Im Wortlaut von Sahra Wagenknecht,

                                                                                                              Foto: Jakob Huber

Von Sahra Wagenknecht, Vorsitzende der Fraktion DIE LINKE. im Bundestag

 

Sigmar Gabriel reist heute nach Griechenland und will dort u.a. mit Ministerpräsident Tsipras sprechen. Griechenland hat das Gesicht einer undemokratischen und unsozialen EU in seiner hässlichsten Form zu sehen bekommen: Einem überschuldeten Land wurden noch mehr Schulden aufgedrängt, um Banken zu retten, es wurde trotz Rekordarbeitslosigkeit zu brutalen Kürzungen gezwungen, die die Wirtschaft in die Depression trieben, und der per Referendum artikulierte Mehrheitswille wurde ins Gegenteil verkehrt.

Griechenland ist deshalb ein guter Ort, um ein Programm für ein anderes Europa vorzulegen.

Erster und wichtigster Baustein wäre ein couragiertes Antikrisenprogamm. Statt weiterhin Finanzmarktblasen anzuheizen, sollte die EZB endlich beginnen, direkt öffentliche Investitionen finanzieren: in Infrastruktur, innovative Technologien und ökologischen Umbau. Zweitens muss – in Griechenland wie in ganz Europa – die öffentliche Verschuldung verringert werden. Aber statt eine schleichende Entschuldung durch negative Realzinsen und damit über die Enteignung von Kleinsparern voranzutreiben, wie das aktuell geschieht, wäre eine europaweite Vermögensabgabe für Multimillionäre und Milliardäre der gerechtere und zudem weit wirksamere Weg. Immerhin ist in Griechenland wie im Rest des EU in den letzten Jahren nicht nur die Armut, sondern auch der Reichtum der Reichsten weiter gestiegen. Darüber hinaus muss etwas gegen die wachsenden Ungleichgewichte im Euroraum getan werden, die viel mit dem infolge der Agenda 2010 entstandenen großen Niedriglohnsektor in Deutschland zu tun haben. Auch da besteht Handlungsbedarf.

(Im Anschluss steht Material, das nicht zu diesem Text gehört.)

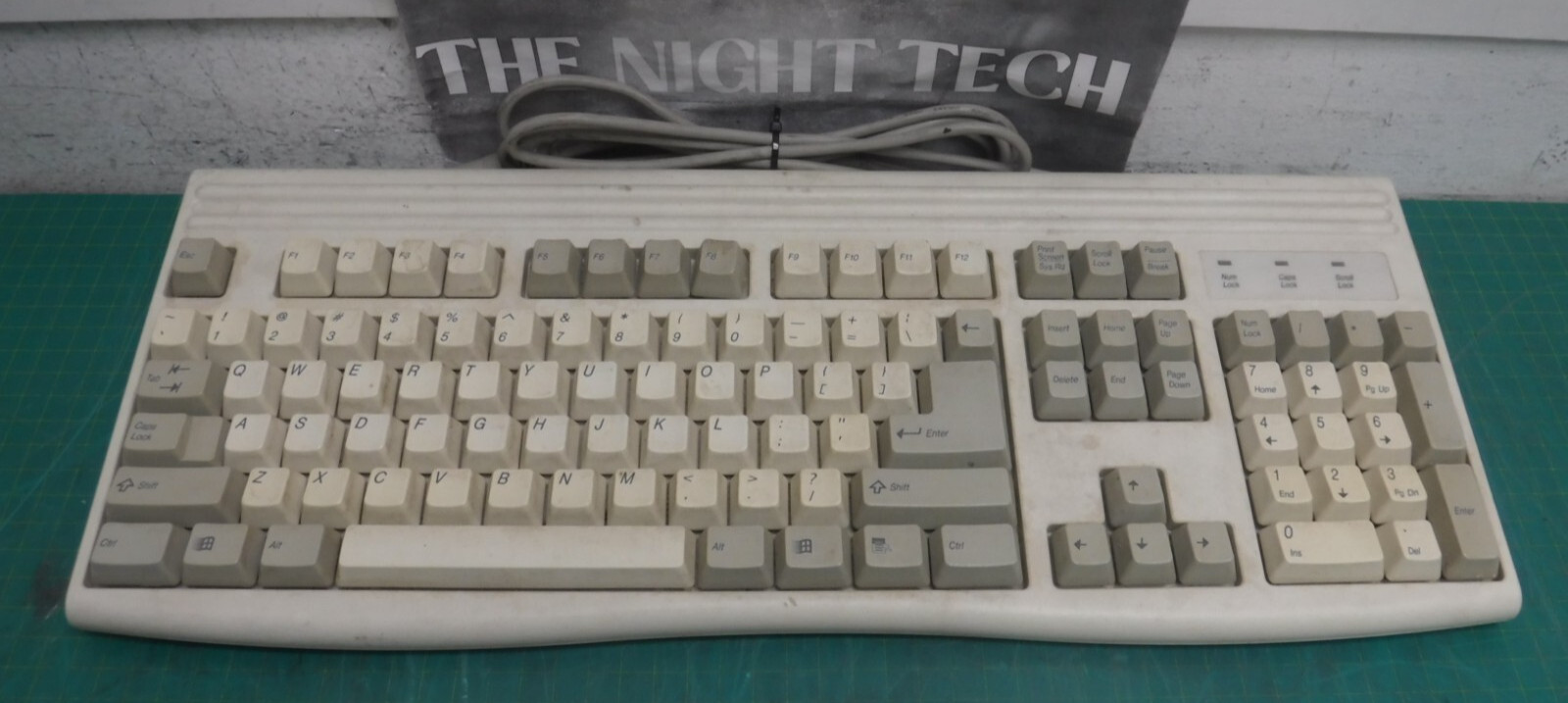 Mitsumi KPQ-E99ZC-12 Keyboard 5 pin AT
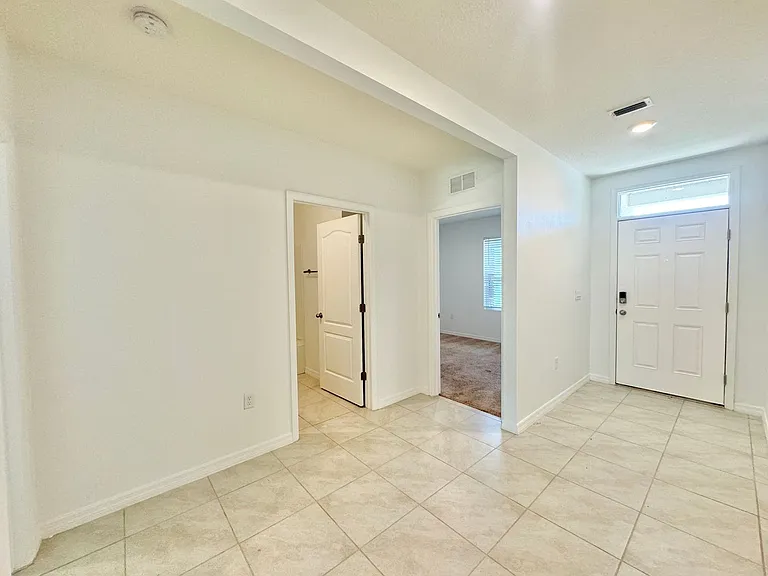 177 Sofia Ln — Photo 23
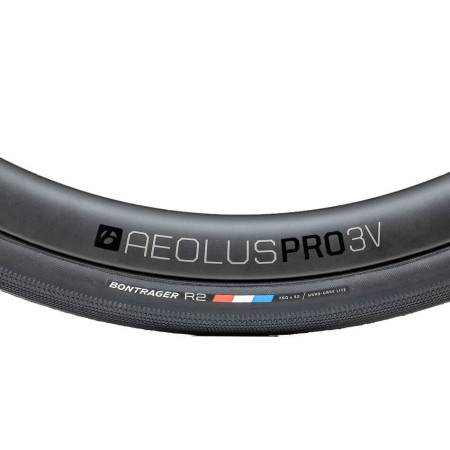 Bontrager R2 Hard-Case Lite 700x23c Tire 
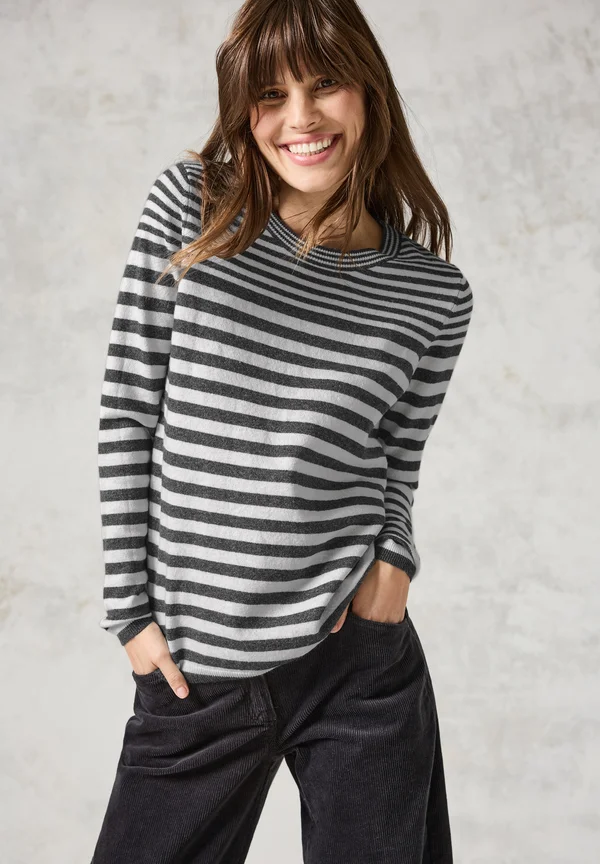 GESTREIFTER - Strickpullover - grau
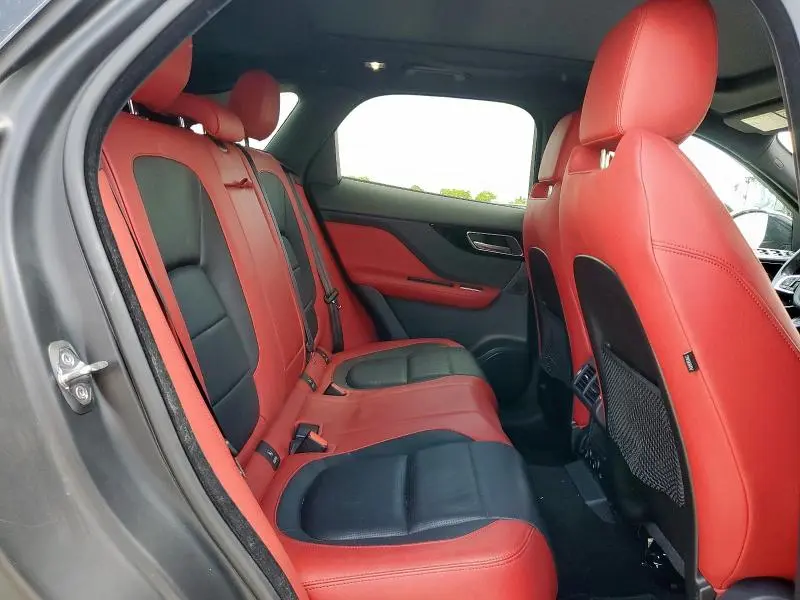 2018 JAGUAR F-PACE S  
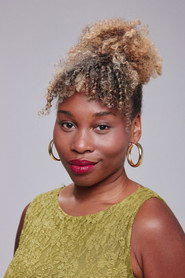 Photo of Lorena Moto as Dra. Molécula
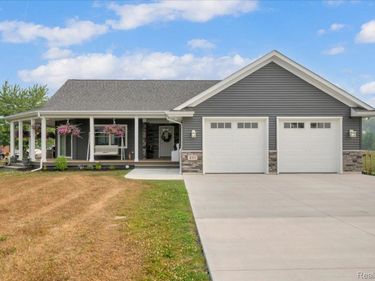 271 E Harrington Road, Lexington Township, Mi 48422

Wenn es Sigmar Gabriel ernsthaft um einen europäischen Neuanfang geht, um die Reduzierung von Ungleichheit und um neue europäische Regeln, die den Wohlstand und die soziale Sicherheit der Menschen über die Freiheit entfesselter Märkte stellen, hat er unsere Unterstützung. Es geht dann allerdings um mehr als um kleine Reparaturen an einem lecken, aber trotz Schieflage immer noch mit voller Kraft in die falsche Richtung segelnden Kahn. Es geht um einen grundlegen Kurswechsel.